I am stuck at home 95% of the time between a baby and COVID and photography challenges have played a huge part in how I have used art to deal with fear and isolation. Tracking a budding toddler with a manual-focus lens has been a story of feast or famine, but the feasts are worth the long stretches of frustration. The photos of my daughter have so much character and I love the filmic quality of the blend of the camera and lens. I have also enjoyed using it in challenges from my local photography group, including Low Light and Free Lensing.

On my first neighborhood walk with it I was reminded a lot of my Konica Hexanon 40 1.8 in both size and image quality. In other words, the Neewer has a very late 70’s early 80’s style of rendering. That will likely be the biggest make or break on whether someone will enjoy this lens. I happen to love photography from that era, in particular street and portraiture. Fortunately, those are the areas that this lens excels. I love having a walk around lens that allows me to switch between broad street views and small details. A lens faster than f/2 is really necessary for this and not having to use an adapter is a huge advantage.
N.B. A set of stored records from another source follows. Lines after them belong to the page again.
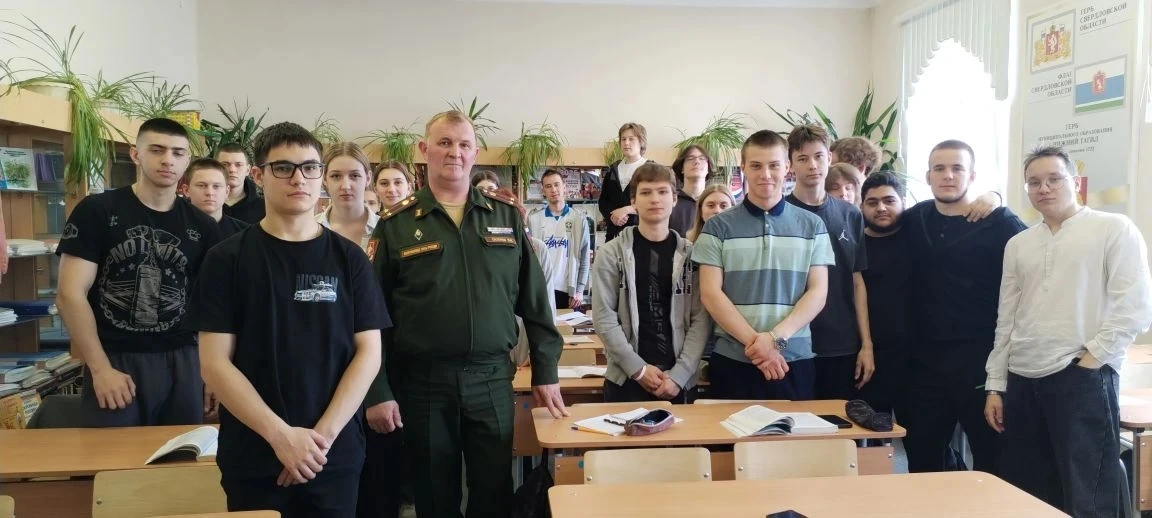🧑‍🎓 Для выпускников состоялась встреча по профориентации с представителем военкомата.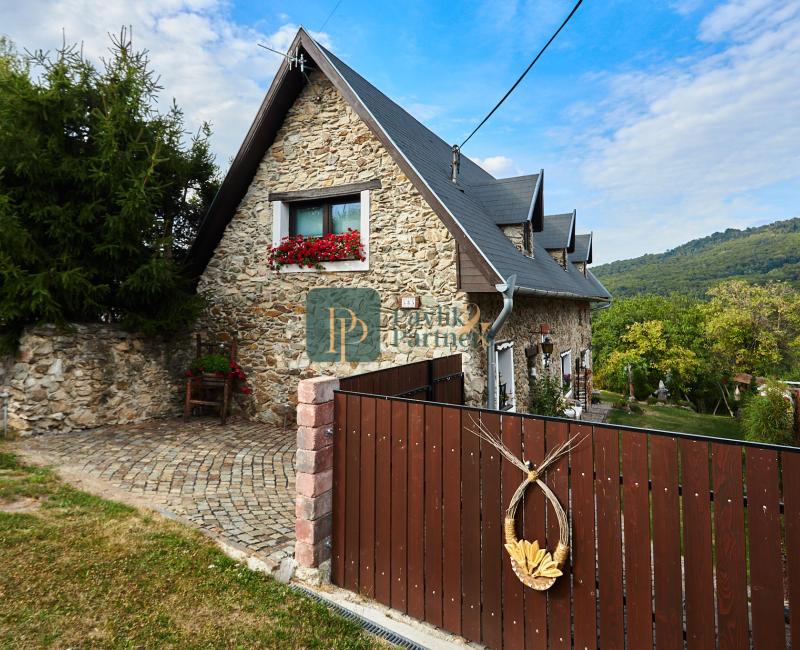 Predaj kamenná chalupa Jedľové Kostoľany, pozemok 15á EXKLUZÍVNE!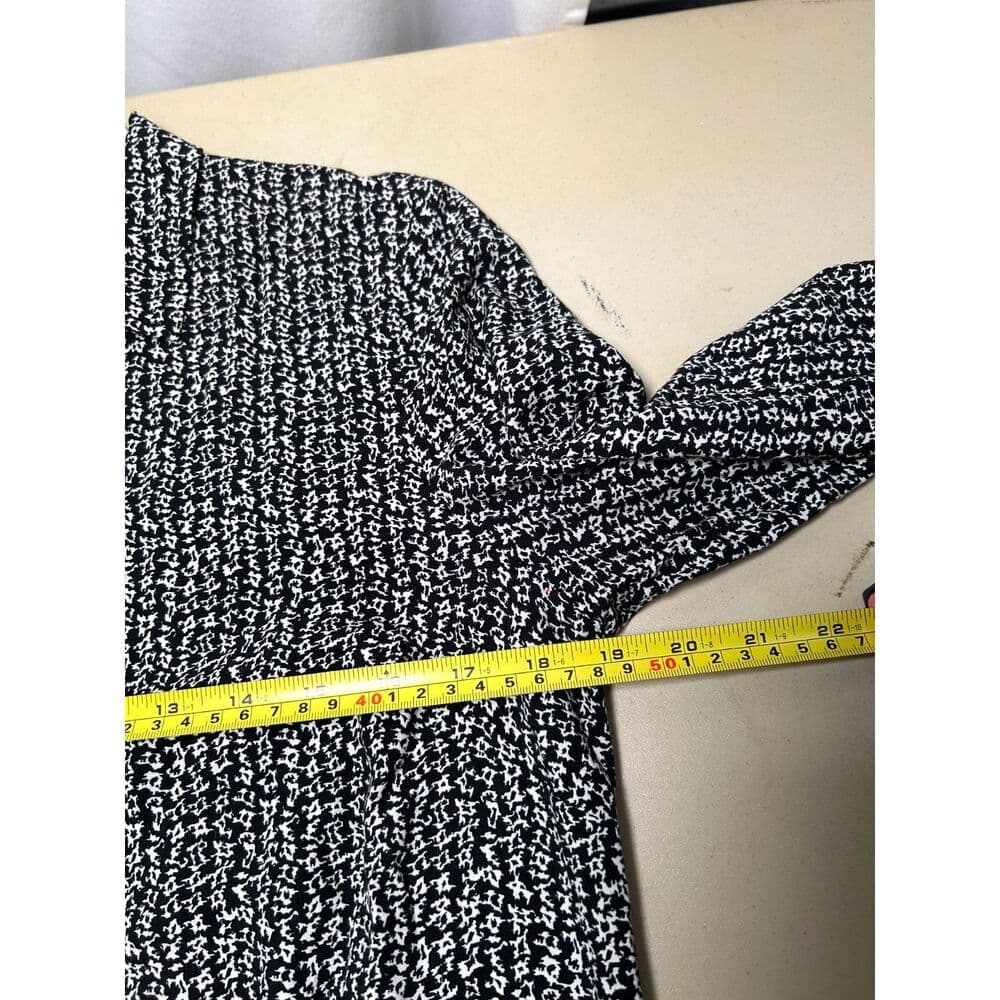 J. Jill black and white patterned button-up long-sleeve blouse Small - Thumbnail 8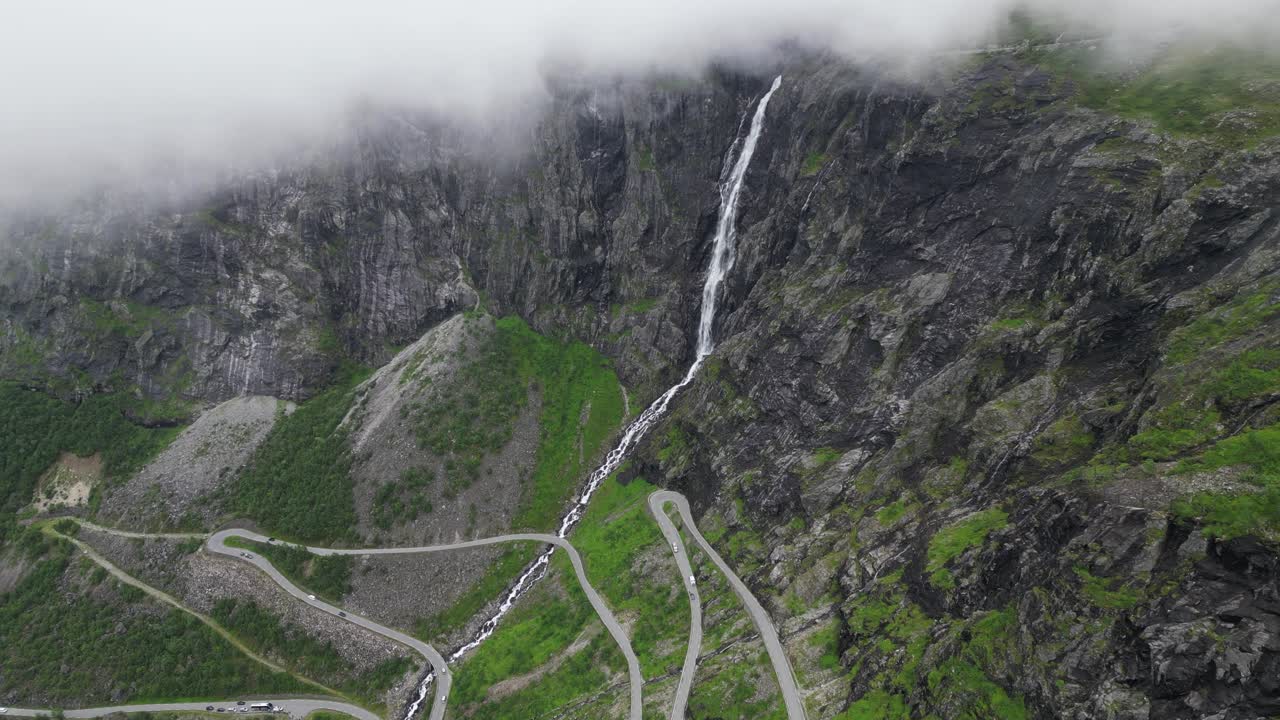 Cascata al Passo di montagna di Trollstigen in Norvegia - Aerea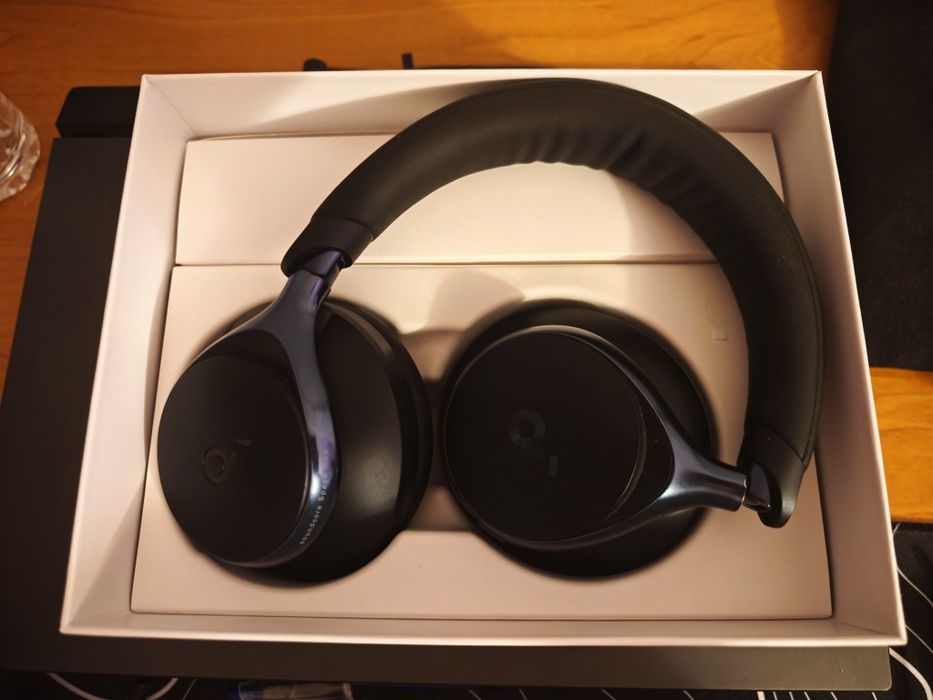 Продам Soundcore Space One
The Neewer also doesn’t have an ugly greenish cast like the Konica 40 1.8 or any other color cast that I can detect. I love my Konicas, but this Neewer beats the 40 1.8 on almost every level while also giving a wider view than almost any commonly available vintage lens.

As I mentioned earlier, I have been working in a more cinematic style in the last year and having a lens where the rendering reminds me of the movies I watched growing up has allowed me to indulge in nostalgia and apply it directly to my photography. I have learned being able to create images that evoke a sense of place and time means more to my personal style than optical perfection. It has allowed me to stop agitating about small imperfections and embrace my own aesthetic. It has taught me about what I want out of my own work. After over a month straight of using it exclusively, I look forward to taking what I have learned about both shooting and myself and applying it to other lenses. Especially my 35 1.4 and Konica 57 1.4.

Is the Neewer 25 1.8 a good lens? Probably not, but I enjoy using it. I enjoy the feel and balance of it on my camera in my hand and the tactile sensation of the aperture and focusing ring. I enjoy processing the images it produces. Using this lens is fun. That makes it well worth the $50 price and inclusion in my kit.

To summarize, the Neewer 25 1.8 is a great value for what you get. It is lightweight, solidly built and balances well on the smaller Fujifilm bodies like the T and E series. It’s biggest drawbacks are poor corner sharpness, flaring and potentially the clickless aperture ring. It’s not optically perfect, but it’s image quality is an interesting throwback to the late 70’s and 80’s in photography and produces photos that I personally enjoy. I recommend it.